About 18 different FMP schemes are currently open for subscription, of which nine schemes have tenure of one year and six have maturities exceeding a year. Whats more, in the past month, about nine fund houses have filed with the market regulator Sebi to launch FMPs.
FMPs are cyclical products that see an uptick when interest rates are high. Investors expect interest rates to come down in the coming months, so this is a good time to lock in investments at these high rates, said Lakshmi Iyer, head fixed income & products, Kotak Mutual Fund. Added Sujoy Das, head fixed income, Religare Asset Management: FMPs are typically targeted at investors who are risk averse on interest rates.
Currently, most one-year FMPs offer returns of 9.7%-9.8%, two year plans offer about 9.4% and three-year plans offer 9.25%. Market participants believe that the CRR cut of 50 bps will only have a marginal impact on the returns offered by FMPs as liquidity continues to remain tight.
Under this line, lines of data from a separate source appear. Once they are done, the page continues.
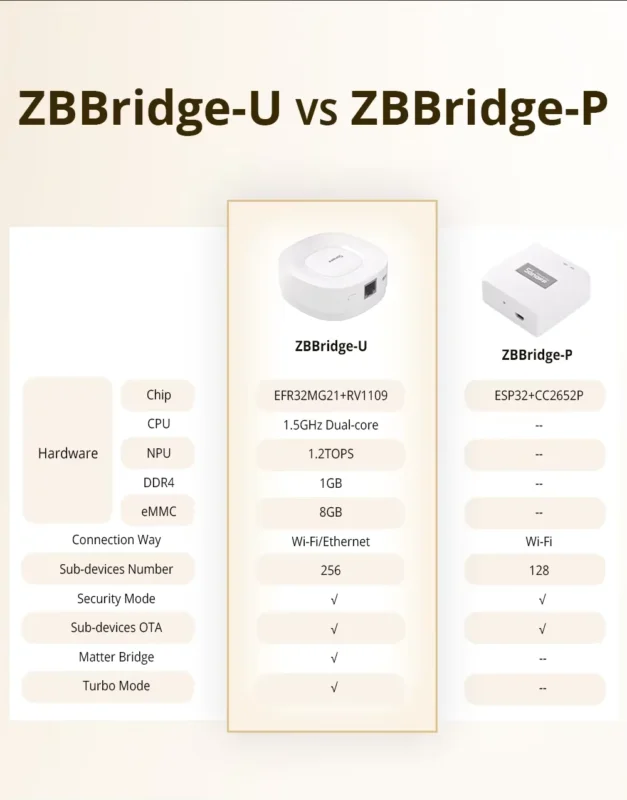 SONOFF ZBBridge-U Matter Zigbee Bridge Ultra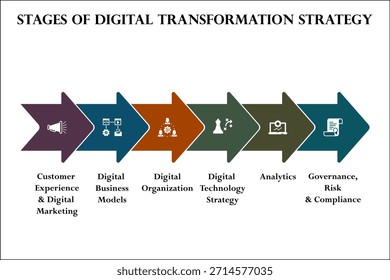 Seis etapas da estratégia de transformação digital. Modelo de infográfico com ícones e espaço reservado para descrição
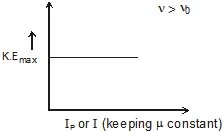 Electromagnetic Radiation: Wave & Particle Nature Notes | Study Chemistry for JEE - JEE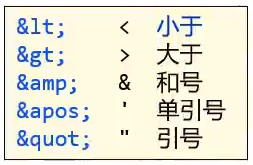 特殊文本文件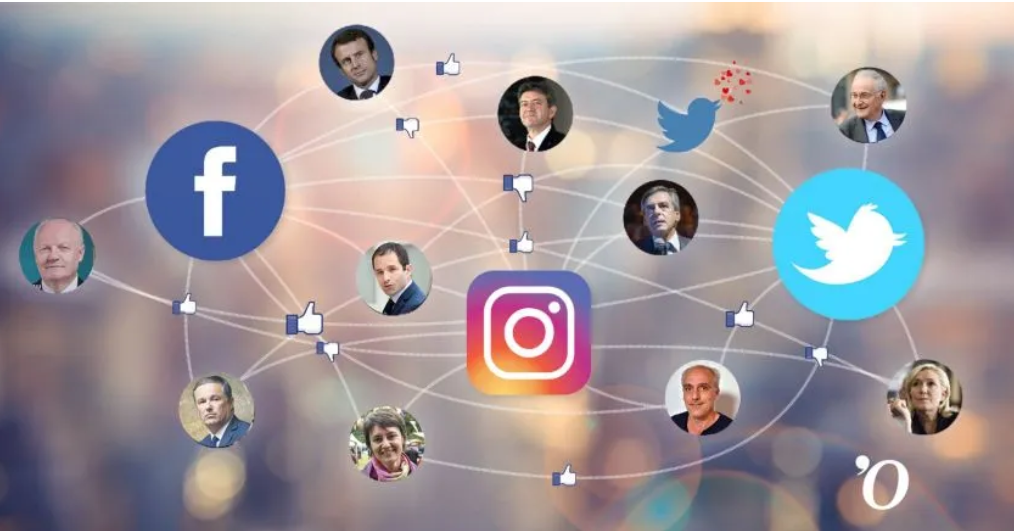 Liens entre médias sociaux et personnalités politiques.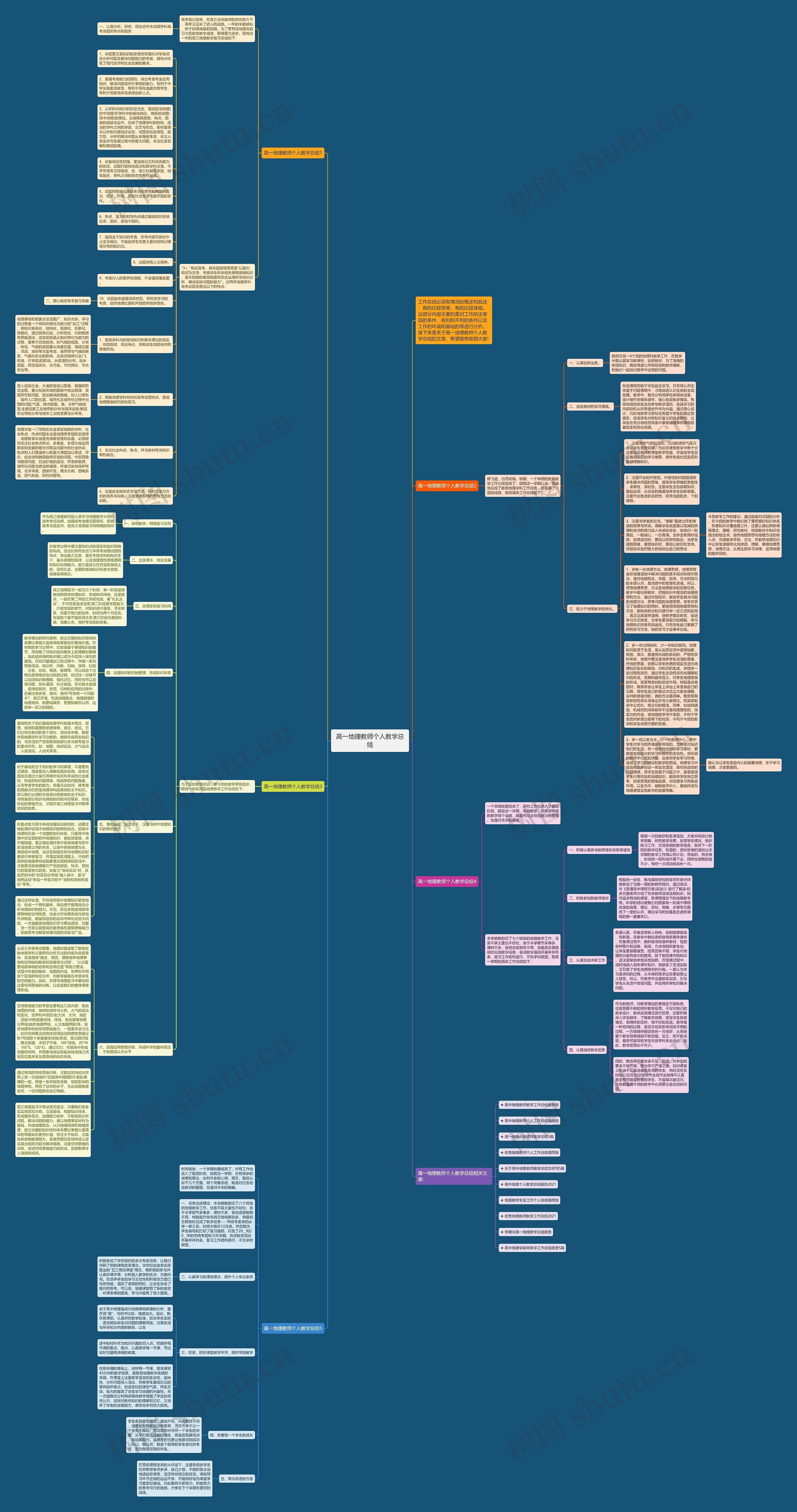 高一地理教师个人教学总结思维导图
There will not be much of an impact. The returns offered may decline by about 10-15 basis points in the near term, said Murthy Nagarajan, head fixed income, Tata Mutual Fund.
FMPs are close-ended mutual fund debt schemes with a fixed maturity date and invest in corporate debt, government securities and money market instruments. As the securities are held to maturity, the final returns are not impacted even if the underlying investments in these plans fluctuate.
There are tax benefits. FMPs are treated as a debt fund and incur long term capital gains for schemes maturing after a year, said Anil Rego, CEO, Right Horizons. The investor can choose between a 10% flat tax on returns or 20% tax after indexation for inflation. If the investor opts for a dividend option, then he has to pay a dividend distribution tax of 14.16%.
For maturity period of less than a year, the gains are added to the investors income. Schemes with tenure of more than one year aim to benefit from double indexation, wherein the inflation cost for two years is added to the purchase price of the units.
FMPs are meant to be held till maturity but investors can exit if they want to by selling their units on the stock exchanges, where FMPs are listed. However, investments in FMP come with credit risks. As with investment in any corporate security, there is an element of credit risk involved if the company delays payment or does not pay up at all, said Das.